» Aim of the exercise:
An exact transcription of all the records is required, minus the images.

» Supplied material:

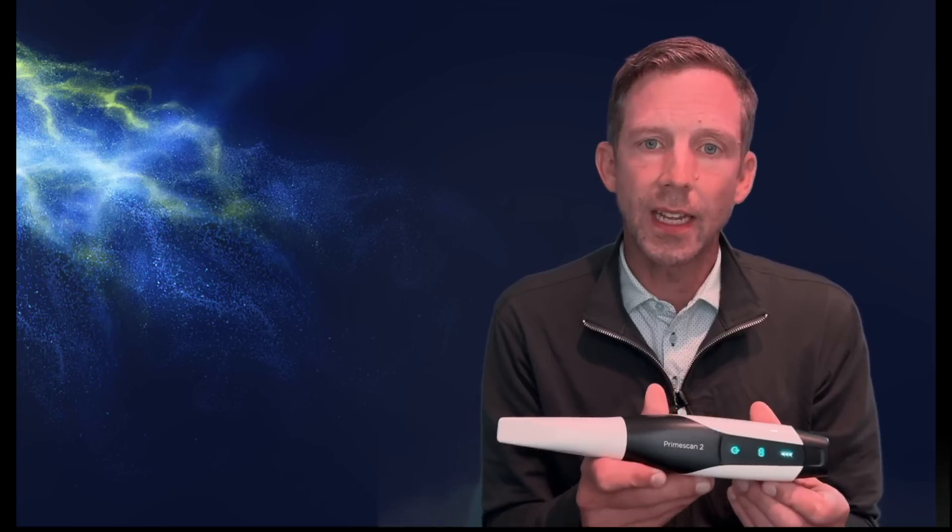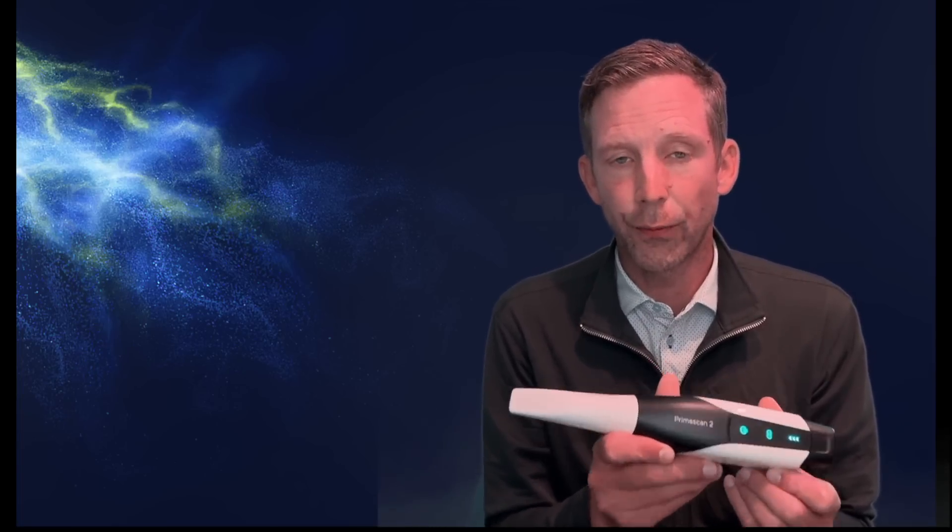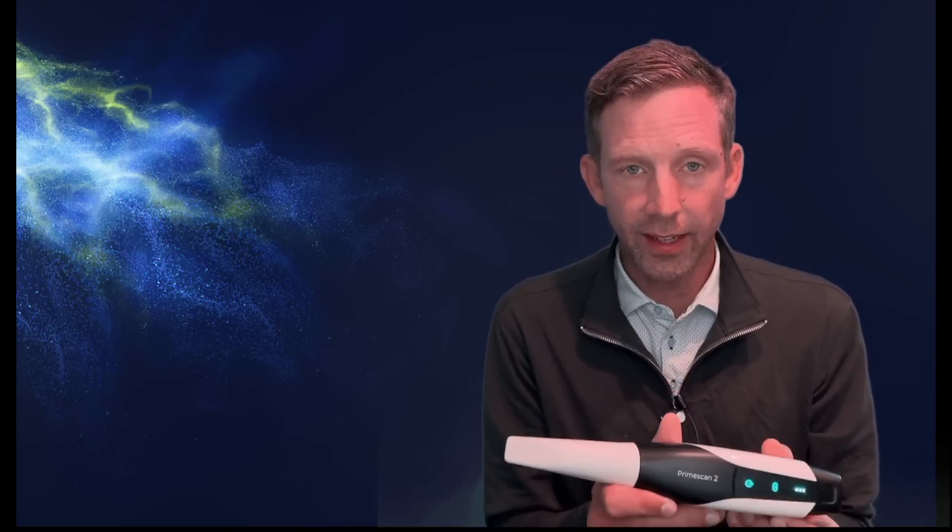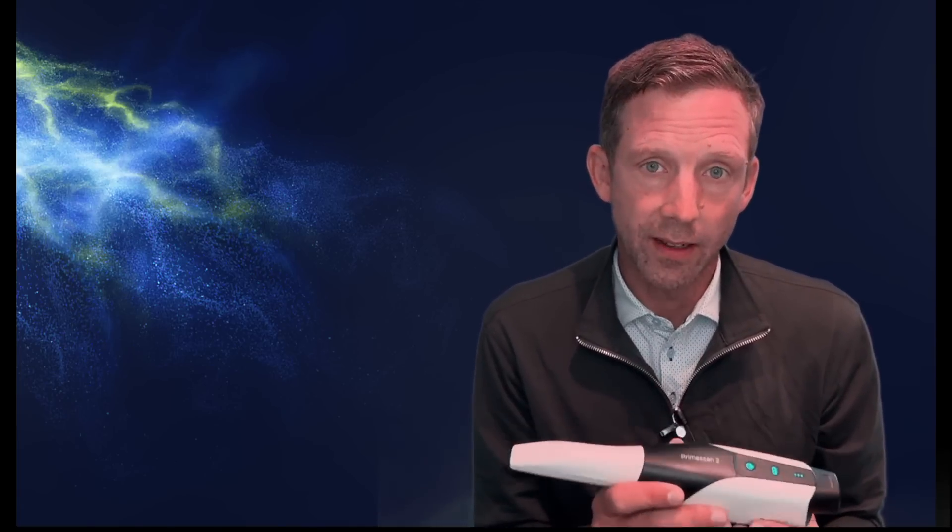Now, there's other wireless scanners on the market, so that in itself doesn't make this particularly special, but what makes PrimeScan 2 really special is it's the first cloud-native scanner on the market today. So what does that mean, cloud-native scanner?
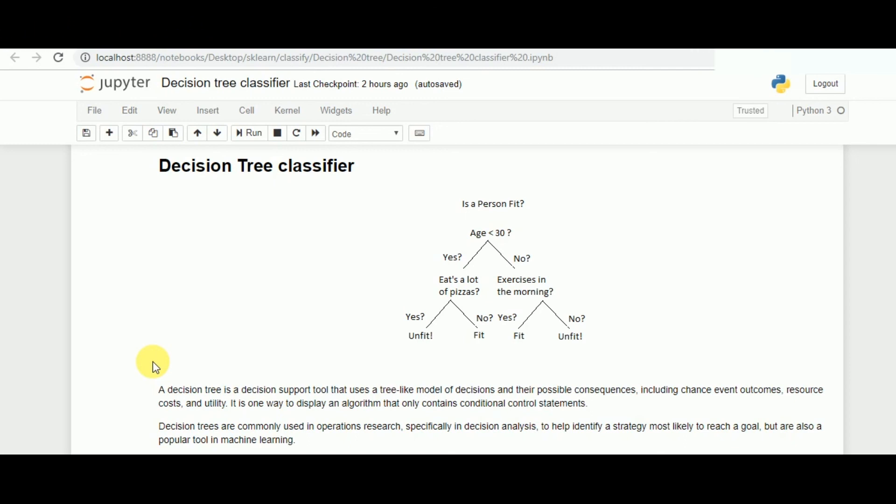So that was decision tree classifier and one of the examples of how we can implement the decision tree classifier in scikit-learn. I'll be seeing you in the next class. Thank you.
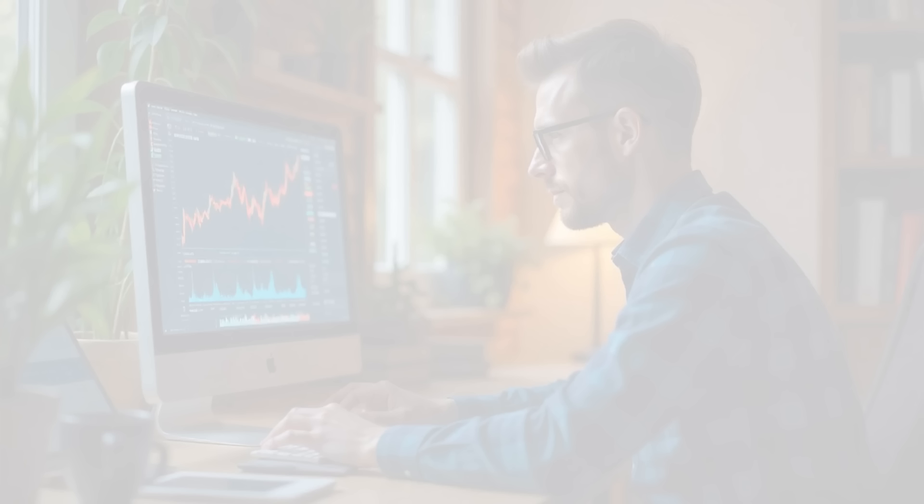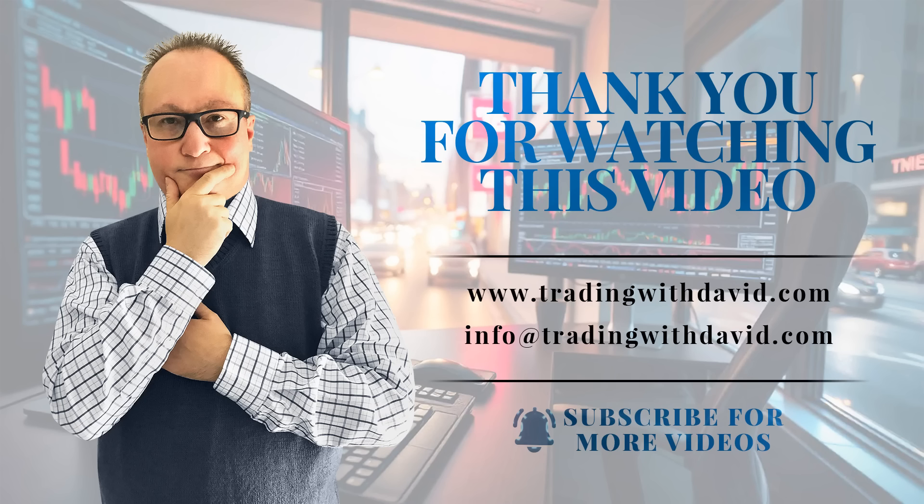Leverage can be your best ally if you know how to use it correctly, but it becomes dangerous if you use it only to amplify your investment. In just a few days or weeks, you may find yourself wiped out by the market, losing the hard-earned savings you have worked for. Thank you for watching this video.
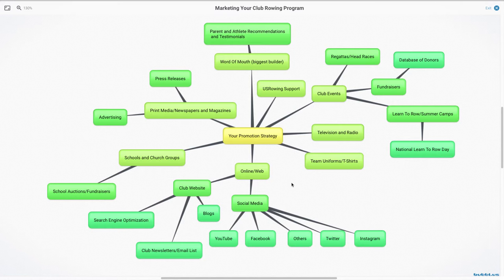Things like search engine optimization are important through your website. You can build your email list and just make sure that you're doing that legally and you've got the opt in legal taken care of.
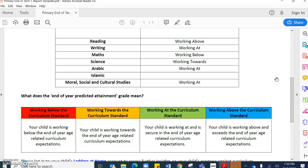And last but not least, we have got working above the curriculum standard. These are students who are going above and beyond and they exceed end of year age related curriculum expectations. They are applying lots of their understanding to different contexts and they are deepening their understanding and knowledge. And therefore they are working above the curriculum standard for their current year group.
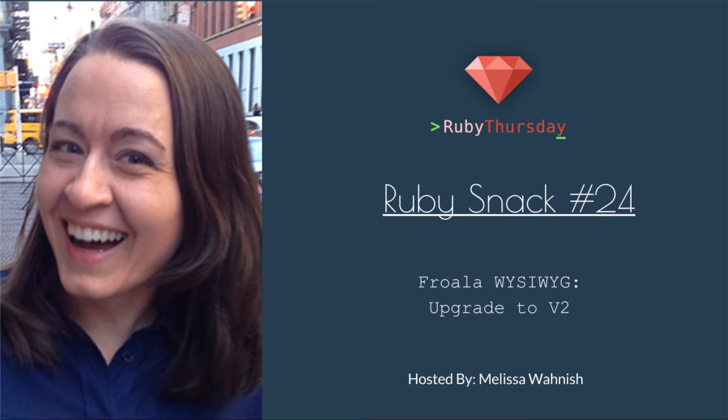Welcome to Ruby Thursday, I'm Melissa Wanish. This is Ruby Snack number 24.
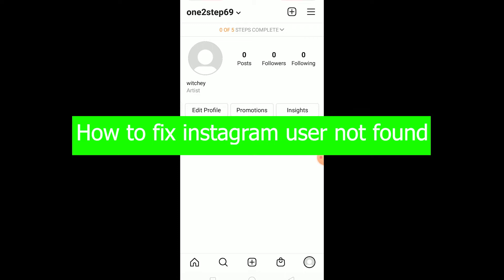In this video I'm going to be showing you how you can solve the 'user not found' problem on Instagram. It's pretty simple to solve. There are two reasons behind this problem: the first one is if you're trying to log in to your account and it says 'user not found,' and the second one is if you're searching for someone on Instagram and they're not showing up or it says 'user not found.'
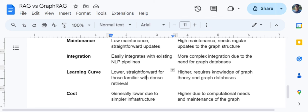Talking about cost, baseline RAG generally has lower cost since the infrastructure is straightforward. Graph RAG has higher costs because computational requirements are greater — building the knowledge graph takes time and maintaining a graph structure adds to the expense. With this, we will be wrapping up this video.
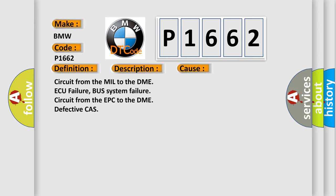This diagnostic error occurs most often in these cases: Circuit from the mill to the DME AQ failure, bus system failure, circuit from the EPC to the DME defective CAS.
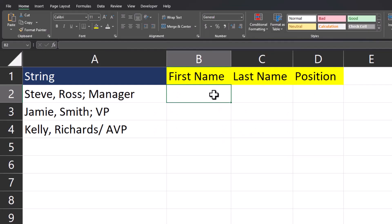In our next example, we have the same data and we want to break it up the same way. However, you'll notice now within the text strings, I don't only have just commas. I have semicolons and a slash as well. One of the amazing features of the TextSplit function is that it allows us to enter multiple delimiters at one time.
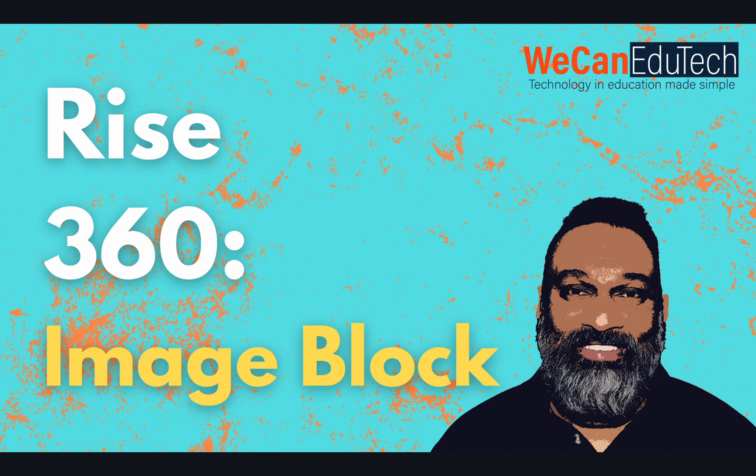Hi my name is Jason Matthew from WeCanEduTech and today I'm going to quickly show you how to add images in Articulate Rise 360. So let's get straight into it guys.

» Result below:
Now, there's other wireless scanners on the market, so that in itself doesn't make this particularly special, but what makes PrimeScan 2 really special is it's the first cloud-native scanner on the market today. So what does that mean, cloud-native scanner?
So that was decision tree classifier and one of the examples of how we can implement the decision tree classifier in scikit-learn. I'll be seeing you in the next class. Thank you.
Leverage can be your best ally if you know how to use it correctly, but it becomes dangerous if you use it only to amplify your investment. In just a few days or weeks, you may find yourself wiped out by the market, losing the hard-earned savings you have worked for. Thank you for watching this video.
Things like search engine optimization are important through your website. You can build your email list and just make sure that you're doing that legally and you've got the opt in legal taken care of.
And last but not least, we have got working above the curriculum standard. These are students who are going above and beyond and they exceed end of year age related curriculum expectations. They are applying lots of their understanding to different contexts and they are deepening their understanding and knowledge. And therefore they are working above the curriculum standard for their current year group.
Welcome to Ruby Thursday, I'm Melissa Wanish. This is Ruby Snack number 24.
In this video I'm going to be showing you how you can solve the 'user not found' problem on Instagram. It's pretty simple to solve. There are two reasons behind this problem: the first one is if you're trying to log in to your account and it says 'user not found,' and the second one is if you're searching for someone on Instagram and they're not showing up or it says 'user not found.'
Talking about cost, baseline RAG generally has lower cost since the infrastructure is straightforward. Graph RAG has higher costs because computational requirements are greater — building the knowledge graph takes time and maintaining a graph structure adds to the expense. With this, we will be wrapping up this video.
This diagnostic error occurs most often in these cases: Circuit from the mill to the DME AQ failure, bus system failure, circuit from the EPC to the DME defective CAS.
In our next example, we have the same data and we want to break it up the same way. However, you'll notice now within the text strings, I don't only have just commas. I have semicolons and a slash as well. One of the amazing features of the TextSplit function is that it allows us to enter multiple delimiters at one time.
Hi my name is Jason Matthew from WeCanEduTech and today I'm going to quickly show you how to add images in Articulate Rise 360. So let's get straight into it guys.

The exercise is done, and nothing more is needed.